### TASK REQUIREMENTS
Of all the lines in the entries below, give again exactly those starting at the line containing "REALSTIL Galatasaray Oversized" and ending at the line containing "Property image - full photo 4", both ends included, and no others.

* * * * *

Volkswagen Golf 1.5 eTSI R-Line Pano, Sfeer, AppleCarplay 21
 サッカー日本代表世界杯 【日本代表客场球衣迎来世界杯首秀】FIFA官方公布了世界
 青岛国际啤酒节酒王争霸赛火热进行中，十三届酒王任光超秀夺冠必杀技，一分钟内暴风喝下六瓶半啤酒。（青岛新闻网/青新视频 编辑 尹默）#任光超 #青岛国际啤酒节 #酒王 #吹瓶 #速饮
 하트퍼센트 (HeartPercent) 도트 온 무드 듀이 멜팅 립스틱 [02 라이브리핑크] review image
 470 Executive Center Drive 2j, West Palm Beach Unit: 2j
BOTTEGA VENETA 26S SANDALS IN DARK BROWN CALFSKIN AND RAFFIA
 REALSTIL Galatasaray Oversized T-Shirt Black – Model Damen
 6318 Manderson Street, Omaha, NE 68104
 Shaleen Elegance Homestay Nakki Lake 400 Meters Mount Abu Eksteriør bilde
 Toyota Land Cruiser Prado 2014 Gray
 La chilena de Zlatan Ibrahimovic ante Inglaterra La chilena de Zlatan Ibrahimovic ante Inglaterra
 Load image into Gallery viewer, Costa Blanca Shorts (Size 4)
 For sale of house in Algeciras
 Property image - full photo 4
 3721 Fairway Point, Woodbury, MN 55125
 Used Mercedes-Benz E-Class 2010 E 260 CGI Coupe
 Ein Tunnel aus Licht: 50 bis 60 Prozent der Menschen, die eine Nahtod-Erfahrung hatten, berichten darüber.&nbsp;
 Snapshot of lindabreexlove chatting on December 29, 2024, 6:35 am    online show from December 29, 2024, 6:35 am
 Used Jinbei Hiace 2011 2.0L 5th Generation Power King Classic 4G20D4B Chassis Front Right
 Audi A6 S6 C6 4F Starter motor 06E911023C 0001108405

* * * * *

### EXERCISE RESPONSE
 REALSTIL Galatasaray Oversized T-Shirt Black – Model Damen
 6318 Manderson Street, Omaha, NE 68104
 Shaleen Elegance Homestay Nakki Lake 400 Meters Mount Abu Eksteriør bilde
 Toyota Land Cruiser Prado 2014 Gray
 La chilena de Zlatan Ibrahimovic ante Inglaterra La chilena de Zlatan Ibrahimovic ante Inglaterra
 Load image into Gallery viewer, Costa Blanca Shorts (Size 4)
 For sale of house in Algeciras
 Property image - full photo 4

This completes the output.